Why the fuck is God so angry with me or something?
My bestfriend is leaving me.
I've lost two bestfriends this year.
Everyone thinks I'm annoying.
My ex-boyfriend hates me.
Our relationship was soo fake.
I miss my daddy.
My mom's working too hard.
I am stressed out.
I have so many problems.
I've been through too much crap.
God, you're unfair.
Everyone else seems to be loved so much.
They're all included in their groups of friends.
I seem to be all by myself.
God, where are you?
Are you here but maybe I just can't see you?
What am I doing wrong?
God, please help me.
Because I am very hurt right now.
Please fix me before I break.
God, I need you.

Happy bday Cynthia

May 13 2009

Highlights of this month..

Ugh.
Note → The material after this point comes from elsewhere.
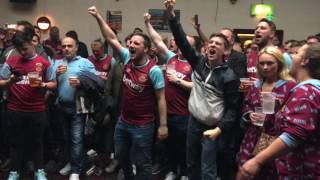 In the Boleyn pub before the final match at Upton Park West Ham United vs Manchester united [upl. by Ardella]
Like I said, this week I've had my problems,
and uhmmm well it wasnt all that bad this month.
I never really get to go on here on weekdays, so I'm updating for the month.
Spring Fling May 8
Sophia's bday party May 16
Community Service hours due May 27
VVV Spring Fling

Health is actually my favorite class weirdly.
It supposed to be boring, but its the best of all my classes.
VVV health

2.18.09

Happy Birthday Sophia,
Omg its funny, cos all the pictures we took at her party, Sophia's not in any of them.
Ahaha.

5/23/09

Hella Confused..

cos I really don't know anymore. This has been the worst week ever. This year sucked actually. And apparently cos everyone thinks I'm annoying. I don't know if my friends like me. I don't know if they want me there. Why does everyone hate me so much? It makes me sad. I'm not intentionally annoying. I'm now trying to be less annoying, but I just don't want to say anything cos I'm afraid people will be annoyed with me. I don't even know if I still am going to Jenny's going away party, because I won't feel welcome there anyways, at least I don't think. I've been trying to clear up my problems this week, but I still feel confused. I feel better now than I did a few days ago though, but I'm still in a mess. I have a lot of problems, I just really wanna find my place here.

5/17/09

Jenny's going away

partyyyy. I need to go dress shopping reallll bahhd. First of all, I need a casual dress to wear to school cos yeah, aand I need a formal one for Jenny's dinner at Cheesecake factory. Lol yes, I love dressing up. Can't wait till that day cos it'll be fun :D , but I wish that day would never come too cos they Jenny will be gone the next day after that, tears. :[

5/6/09

OHH

Btw, I got all my community service done. Ahahah, you wouldn't think I could finish it in two weeks, but I finished it in two weeks! I got tweeeenntayy hourss, and a haalffuh. Bam. Oh shahh. asdfjkl;
:]

Tears,

I'm sad. Jenny and Norma are moving to Monterey, and possibly Maggie is going to Laguna Creek. Plus, Cynthia is moving to McClatchy. Ughh, what a loss to my circle of friends. I'm excited to Jenny's going away dinner party thing cos we're gunna hella party, yayyy we get to dress up, mmhm, but I'm sad cos it means she's leaving the very next day after that, and she'll be gone. But we'll visit her and Norma of course. I'm hella sad cos Norma's my best and she would be the second best friend I lost this year. I don't really have a best friend anymore then. That's not good, yeah.